Nesse contexto, o secretário fez questão de rebater um dos principais argumentos usados pela oposição ao governo estadual. “O Estado é ingovernável como a oposição diz? Não. Isso não existe, não. Eu tiro pela minha secretaria, que não é diferente das outras. Não tem atraso de dois meses, três meses. Se você trabalha um mês, fatura 30 dias, o Estado tem 30 dias para pagar”, declarou, acrescentando que não compartilha da avaliação de colapso administrativo. “Não vejo isso”, completou.

Ao ser provocado diretamente se considera o Rio Grande do Norte ingovernável, reiterou: “Sobre hipótese alguma. Tanto não é que tem uma disputa de três candidatos querendo governar ele a partir de janeiro”.

Questionado diretamente sobre a hipótese de disputar um mandato-tampão, Saldanha afirmou que não pretende entrar em uma disputa eleitoral indireta. “Eu não vou disputar. Não é que eu não mereça participar de uma disputa. É porque eu acho que esse mandato tampão precisa sair de um consenso, que, obviamente, as pessoas respeitem a próxima eleição”, disse.

Para ele, a resistência ao nome do secretário da Fazenda, Cadu Xavier, no âmbito da Assembleia passa diretamente pelo fato de Cadu ser candidato ao governo em outubro. “A dificuldade que a governadora está encontrando com o nome de Cadu é só por causa da eleição de outubro, que Cadu é candidato. E um bom candidato e certamente estará no segundo turno”, avaliou.

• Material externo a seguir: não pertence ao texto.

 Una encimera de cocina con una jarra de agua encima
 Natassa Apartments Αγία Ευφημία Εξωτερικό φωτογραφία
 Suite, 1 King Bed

Apesar de negar qualquer articulação em curso, Saldanha admitiu que, se for oficialmente procurado pela governadora e pelo presidente da Assembleia, analisará o cenário. “Se chegar, eu vou analisar. Sinceramente, vou analisar com muito carinho e muita responsabilidade, saber o que é possível fazer”, afirmou.

Saldanha também fez uma leitura do cenário eleitoral para outubro e voltou a defender a viabilidade do nome de Cadu Xavier. Segundo ele, a força do presidente Lula como cabo eleitoral e o desempenho recente da esquerda em Natal indicam um patamar competitivo. “Eu acho que Cadu tem fácil 35%. Se Cadu tiver 35%, só sobra 75% para dois candidatos. Ele estará no segundo turno. Simples assim”, disse.

As declarações de Guilherme Saldanha ocorrem em meio à incerteza sobre a realização de uma eleição indireta para o governo do Estado entre abril e maio. Caso Fátima Bezerra confirme a renúncia, o PT defende a manutenção do comando do Executivo até o fim do ano, enquanto setores da direita chegaram a falar em um “nome técnico”.

Nesse cenário, além de sugestões como Zeca Melo e Roberto Serquiz, que circularam em janeiro, o nome de Saldanha passou a circular nos bastidores como alternativa de consenso, dada sua ligação com o PSDB, sua relação com o governo petista e o trânsito com parlamentares ligados ao grupo do senador Rogério Marinho.